So many good books, too little time.
As the weather starts to warm up, we spend less time indoors doing schoolwork. We have pretty much finished up our studies for this year, so as we wind down, our indoor activities start to turn into outdoor activities. Over the summer though, there is one activity that never stops. That would be reading.
Reading is something I’ve never had to teach. Though I did teach my youngest dd to read, I’ve never had to tell them to read. It’s just something they do. Books end up everywhere in my home. They can be found in the living room, kitchen, bedrooms, and yes, even the bathroom. I have at least one dd who is a “bathroom” reader. Bookshelves abound in my home, as they do in most home-school families. I recently acquired a much larger one for the girls room. I get some sort of weird satisfaction out of moving books around and organizing them.
I allow for lots of time to read during our days. I circulate books around the house. Sometimes a book in the living room that has collected dust would be picked up if moved to the bedrooms. Kind of like when we used to recirculate toys for toddlers. Same principle, better result.

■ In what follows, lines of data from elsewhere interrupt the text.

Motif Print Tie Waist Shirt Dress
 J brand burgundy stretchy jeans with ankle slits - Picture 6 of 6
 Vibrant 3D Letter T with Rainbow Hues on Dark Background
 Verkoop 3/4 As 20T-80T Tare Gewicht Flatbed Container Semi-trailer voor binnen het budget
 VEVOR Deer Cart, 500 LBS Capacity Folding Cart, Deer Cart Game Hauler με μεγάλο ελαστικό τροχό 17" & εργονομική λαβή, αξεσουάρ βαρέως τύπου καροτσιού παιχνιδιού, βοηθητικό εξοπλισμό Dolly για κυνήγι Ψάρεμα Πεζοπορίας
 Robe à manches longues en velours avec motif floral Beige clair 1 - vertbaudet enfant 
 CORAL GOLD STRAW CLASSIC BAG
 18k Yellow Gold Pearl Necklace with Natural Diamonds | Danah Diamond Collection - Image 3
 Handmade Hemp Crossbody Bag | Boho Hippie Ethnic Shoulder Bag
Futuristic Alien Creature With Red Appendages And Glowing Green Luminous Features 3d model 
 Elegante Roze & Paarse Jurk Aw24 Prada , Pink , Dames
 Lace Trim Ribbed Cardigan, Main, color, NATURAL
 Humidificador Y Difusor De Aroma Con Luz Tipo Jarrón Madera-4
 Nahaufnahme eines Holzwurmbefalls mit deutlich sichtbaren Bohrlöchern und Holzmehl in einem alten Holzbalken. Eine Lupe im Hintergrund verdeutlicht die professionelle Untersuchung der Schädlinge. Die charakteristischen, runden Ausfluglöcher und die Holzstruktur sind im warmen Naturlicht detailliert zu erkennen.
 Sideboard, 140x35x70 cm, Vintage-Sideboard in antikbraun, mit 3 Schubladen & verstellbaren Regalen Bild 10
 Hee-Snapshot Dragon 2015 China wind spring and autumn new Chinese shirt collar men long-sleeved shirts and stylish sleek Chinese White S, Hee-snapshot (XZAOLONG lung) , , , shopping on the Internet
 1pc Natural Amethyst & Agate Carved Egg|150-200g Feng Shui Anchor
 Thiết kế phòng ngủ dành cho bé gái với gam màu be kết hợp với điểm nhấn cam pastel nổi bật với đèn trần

I’ve also noticed a variety in the girls personal preferences for books. Presently, my youngest dd (8 yo) is most interested in books about animals and an even greater enjoyment if they happen to be true stories such as Owls in the Family by Farley Mowat. My oldest dd (10 yo) tends to re-read her favorites like The Lion the Witch and the Wardrobe, by C.S Lewis, again and again.
A considerable amount of books are brought home from the library. Usually these would consist of a variety of literature related to our study in history and science, but I recently picked up a neat idea from one of Susan Wise Bauers’s workshops when she was in town during last years BC Home School Convention. It was something her mother used to do when she was home schooled. It’s a concept that helps the kids familiarize themselves with the library and it’s catalogue. During the library visit each child is given their own basket and asked to pick out five books of their choice. However, they must pick one from each category: History, Science, Literature, Poetry and a book about numbers (math related). I have adopted this little task and the kids seem to really enjoy it. I also found they were reading more poetry, which is something I’m not very consistent with.
As the lazy days of summer approach, it’s a good time to break out the children’s reading resources. Fantastic resource lists can be found in both Honey for a Child’s Heart, and How to Grow a Young Reader (see my side bar). Take some time to peruse these lists and add some fresh blood to those bookshelves. There is much more to be said on the topic of reading. Too much to write about here. I will share more in future posts.
I will leave you with this question. This summer, what will you be reading?